Impact of ferroelectric nonlinearity and correlation effects on nanodomain formation

TL;DR

This paper analytically investigates how ferroelectric nonlinearity and correlation effects influence nanodomain shapes and formation thresholds under a biased scanning probe, aligning with experimental observations.

Contribution

It introduces an analytical model combining variational and thermodynamic approaches to describe nanodomain formation considering nonlinear and correlation effects.

Findings

Nanodomain shape can be oblate or prolate depending on nonlinearity.

Domain aspect ratio aligns with dielectric anisotropy.
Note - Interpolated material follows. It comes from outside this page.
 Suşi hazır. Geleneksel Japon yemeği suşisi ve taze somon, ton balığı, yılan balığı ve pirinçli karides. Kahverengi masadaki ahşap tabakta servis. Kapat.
Coercive biases match experimental data.

Abstract

Using direct variational method with 2-parametric trial function and Landau-Ginzburg-Devonshire thermodynamical approach, we derived analytical expressions for polarization spatial redistribution in the ferroelectrics caused by the biased Scanning Probe Microscope probe. We demonstrate that the shape of nanodomain induced by the probe electric field can be either oblate or prolate depending on the ferroelectric nonlinearity strength. For typical ferroelectric material parameters and probe apex geometry the domain nucleus aspect ratio is close to dielectric anisotropy factor. Corresponding coercive biases of a stable domain formation are in reasonable agreement with available experimental results. Spike-like domains typical for Landauer-Molotskii rigid approach appear in the considered case only when depolarization field energy contribution strongly dominates over the nonlinear correlation and field effects and domain wall energy.